WHAT THE TASK ASKS ▸
What you produce should be the lines from the line containing "Toyota 22210-73022 Throttle Body" through the last line below, both ends included, reproduced exactly and without pictures.

MATERIAL PROVIDED ▸
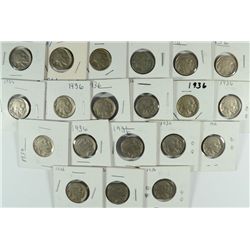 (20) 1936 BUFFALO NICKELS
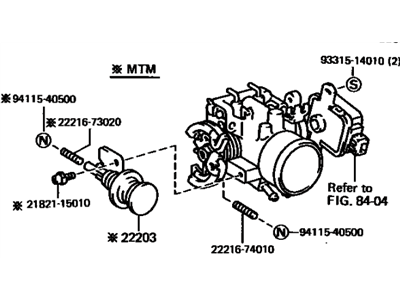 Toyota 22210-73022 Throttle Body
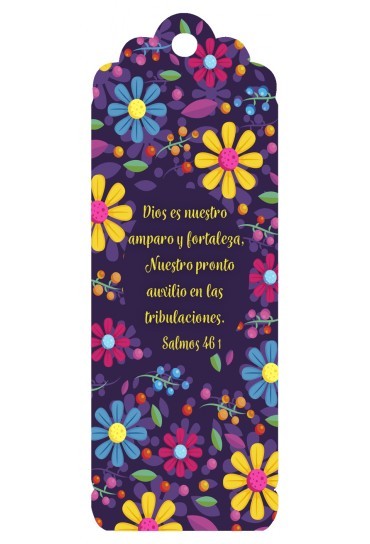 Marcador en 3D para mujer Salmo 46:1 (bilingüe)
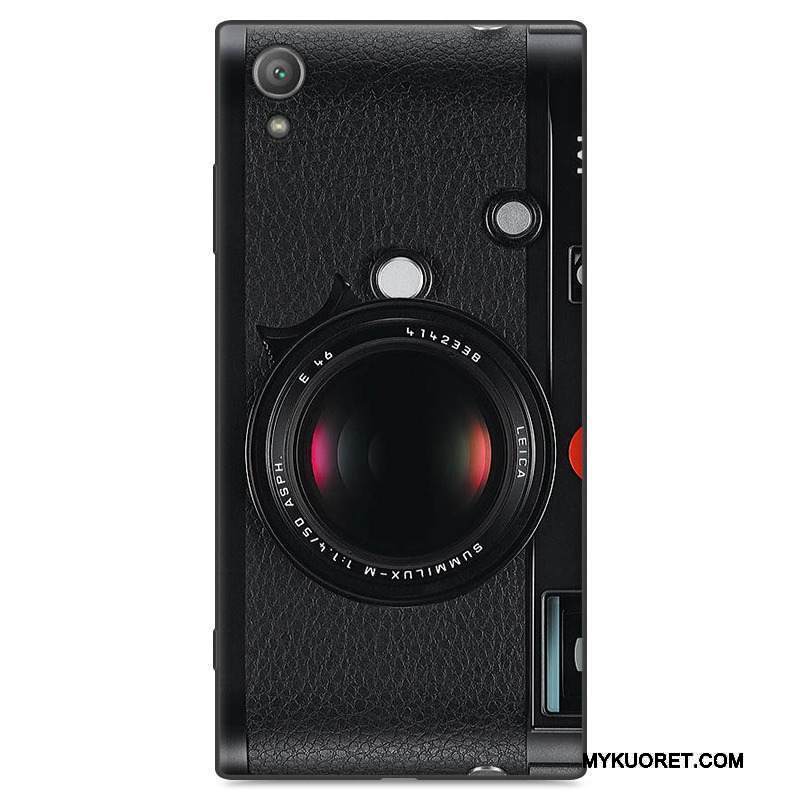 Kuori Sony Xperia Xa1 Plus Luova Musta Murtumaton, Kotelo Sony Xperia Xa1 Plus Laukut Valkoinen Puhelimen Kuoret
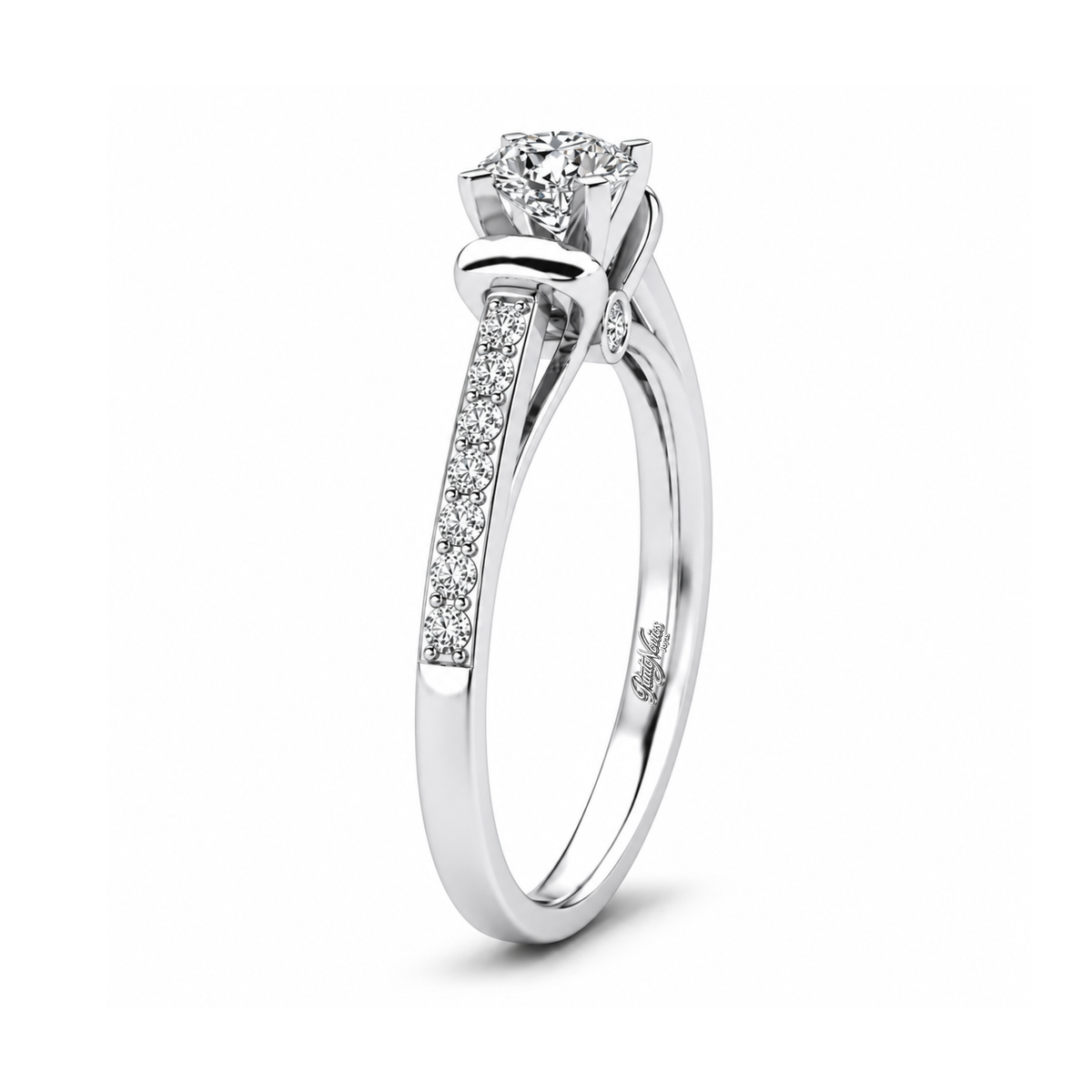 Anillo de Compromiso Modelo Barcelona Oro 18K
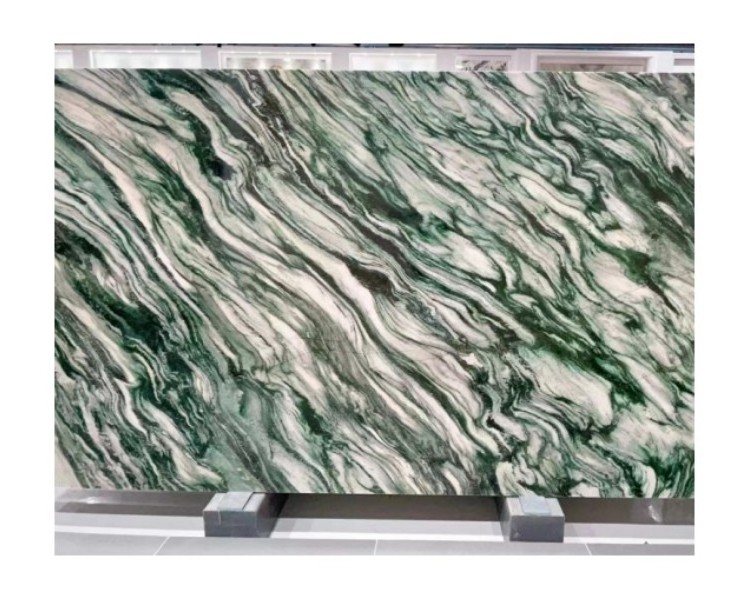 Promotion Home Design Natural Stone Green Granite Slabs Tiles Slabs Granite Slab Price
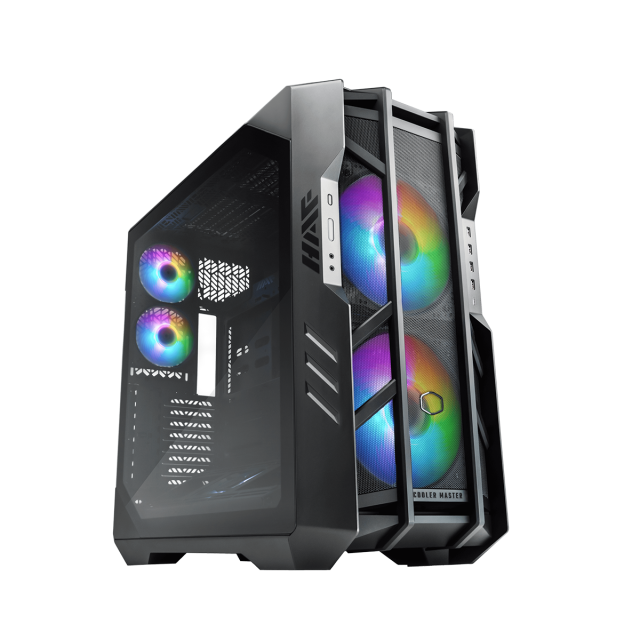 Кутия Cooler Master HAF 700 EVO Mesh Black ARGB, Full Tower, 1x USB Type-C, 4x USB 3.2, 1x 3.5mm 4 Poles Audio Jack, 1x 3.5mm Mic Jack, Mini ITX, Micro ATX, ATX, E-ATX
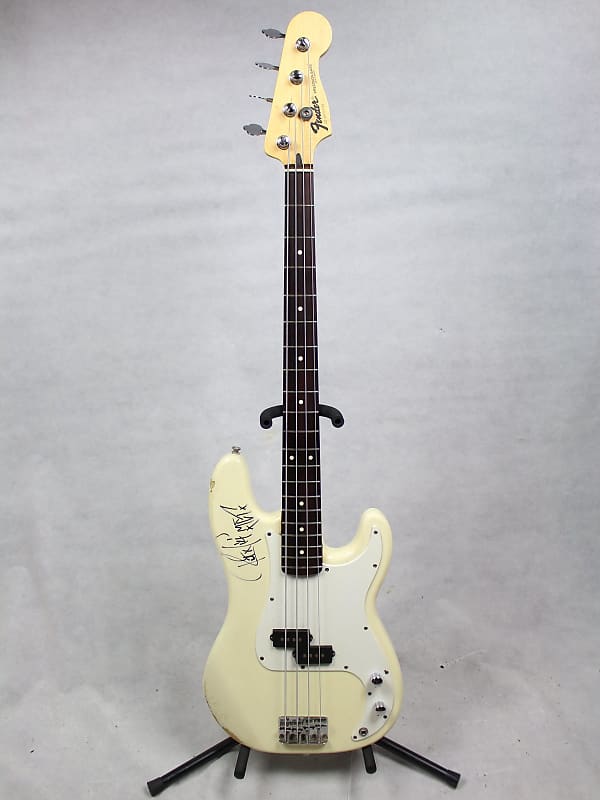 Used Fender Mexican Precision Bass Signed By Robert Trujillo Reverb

COMPLETED EXERCISE ▸
 Toyota 22210-73022 Throttle Body
 Marcador en 3D para mujer Salmo 46:1 (bilingüe)
 Kuori Sony Xperia Xa1 Plus Luova Musta Murtumaton, Kotelo Sony Xperia Xa1 Plus Laukut Valkoinen Puhelimen Kuoret
 Anillo de Compromiso Modelo Barcelona Oro 18K
 Promotion Home Design Natural Stone Green Granite Slabs Tiles Slabs Granite Slab Price
 Кутия Cooler Master HAF 700 EVO Mesh Black ARGB, Full Tower, 1x USB Type-C, 4x USB 3.2, 1x 3.5mm 4 Poles Audio Jack, 1x 3.5mm Mic Jack, Mini ITX, Micro ATX, ATX, E-ATX
 Used Fender Mexican Precision Bass Signed By Robert Trujillo Reverb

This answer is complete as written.